Et c’est ce que Daniel va lui faire comprendre : tu as voulu t’emparer des biens du Seigneur, il va tout te reprendre. Tu n’as pas su rendre grâce au Dieu du ciel, tu l’as blasphémé en louant des dieux de fer et d’argile, tu as cru que tes forces et ton pouvoir ne venaient que de toi… mon pauvre, Dieu va tout te reprendre : ton règne, ta vie et ton royaume !

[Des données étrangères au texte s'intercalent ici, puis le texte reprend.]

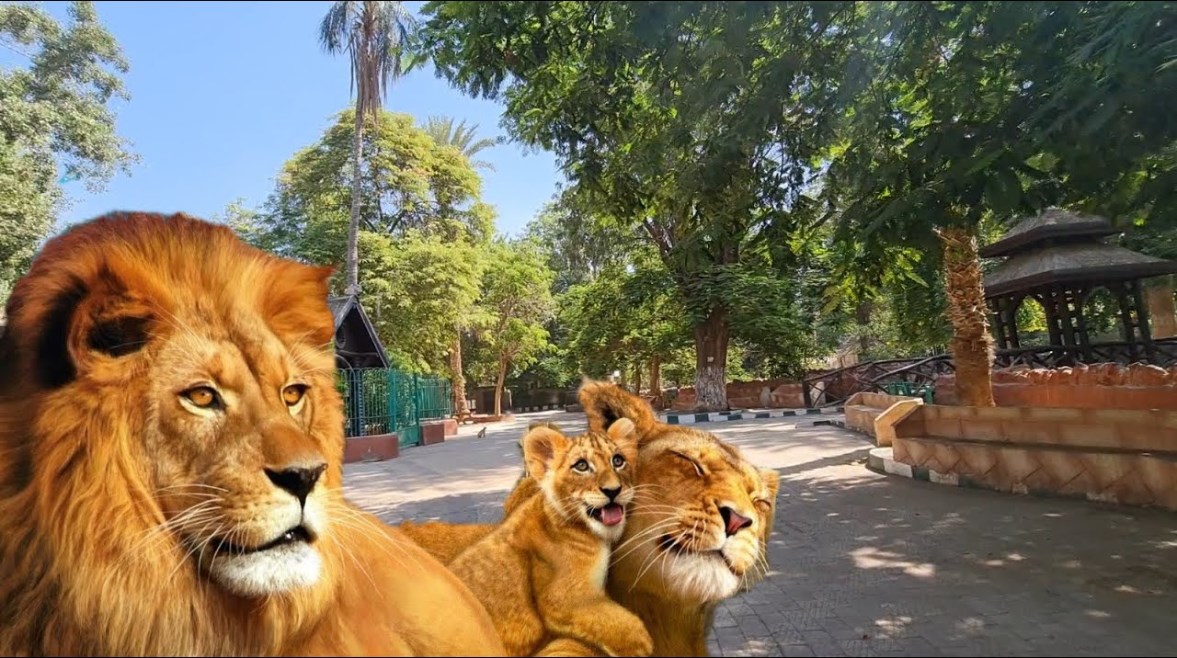  تغيير اسم حديقة الحيوان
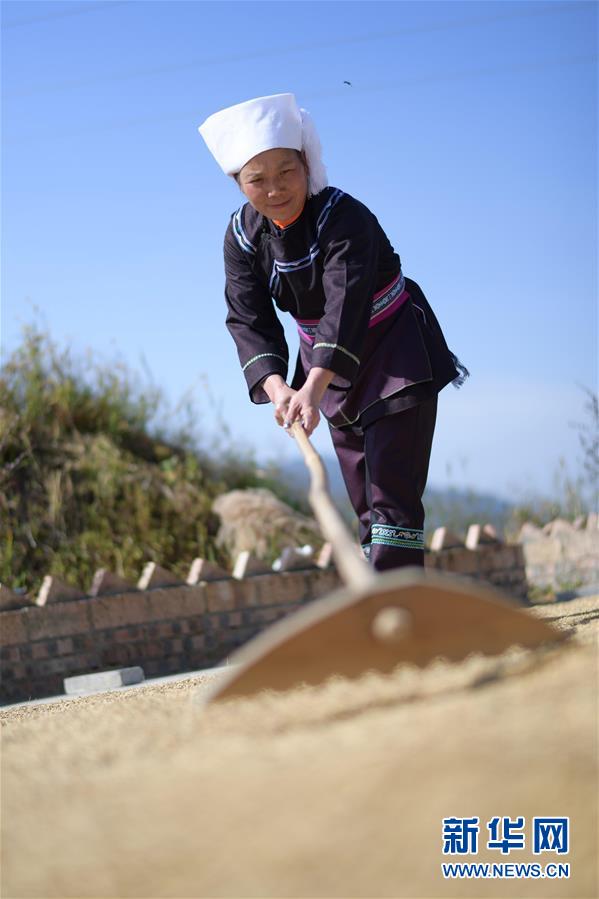 (社會(huì))(6)貴州:深度貧困村拉術(shù)村的蛻變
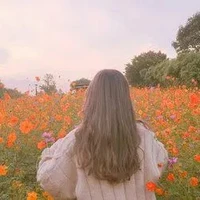 🌸HAN AMI🌸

La liturgie nous donne un texte raccourci. Mais faites l’effort de lire le récit en entier. Vous verrez alors que, en premier lieu, la reine va essayer de calmer le jeu qu’est en train de mettre en branle le roi. Elle lui propose une issue. Le roi s’y intéresse un temps puis en revient à son vin. Mais quand arrive enfin Daniel pour interpréter l’énigmatique sentence inscrite au mur, il commence par un long discours passant en revue l’histoire de Nabuchodonosor, le père de Balthazar, qu’il donne en exemple. Un point est souligné, son orgueil, sa démesure. Nabuchodonosor a payé jusqu’à ce qu’il reconnaisse que Dieu est le maître. Ainsi, son père a compris son erreur et a enfin reconnu le pouvoir du Dieu des hébreux. Comment le fils peut-il faire la même erreur ? Comment peut-il, encore plus que son père, s’enfermer dans son orgueil, sa démesure et sa folie ? Ainsi il est clair que le comportement de Balthazar est incompréhensible et injustifiable, il n’a pas humilié son coeur, il s’est élevé contre le Seigneur du ciel. La sentence est tombée !
Comme il est difficile de passer une succession à ses enfants ! Comme il est difficile de ne pas se laisser enivrer, non pas seulement par le vin, mais aussi et surtout par la richesse, le pouvoir et la stupidité. Balthasar aurait dû écouter l’évangile d’il y’a quelques jours et s’asseoir, réfléchir, avant de vouloir partir à la conquête du trône de Dieu ! il aurait dû - autre anachronisme, je vous le concède - écouter ce que Jésus répondit à Pilate (Jn 19, 10-11) : « Pilate lui dit alors : « Tu refuses de me parler, à moi ? Ne sais-tu pas que j’ai pouvoir de te relâcher, et pouvoir de te crucifier ? » Jésus répondit : « Tu n’aurais aucun pouvoir sur moi si tu ne l’avais reçu d’en haut ; c’est pourquoi celui qui m’a livré à toi porte un péché plus grand. »
« Le pouvoir tend à corrompre et le pouvoir absolu corrompt absolument ! » disait Lord Acton. En tous les cas, il corrompt absolument l’intelligence et la raison.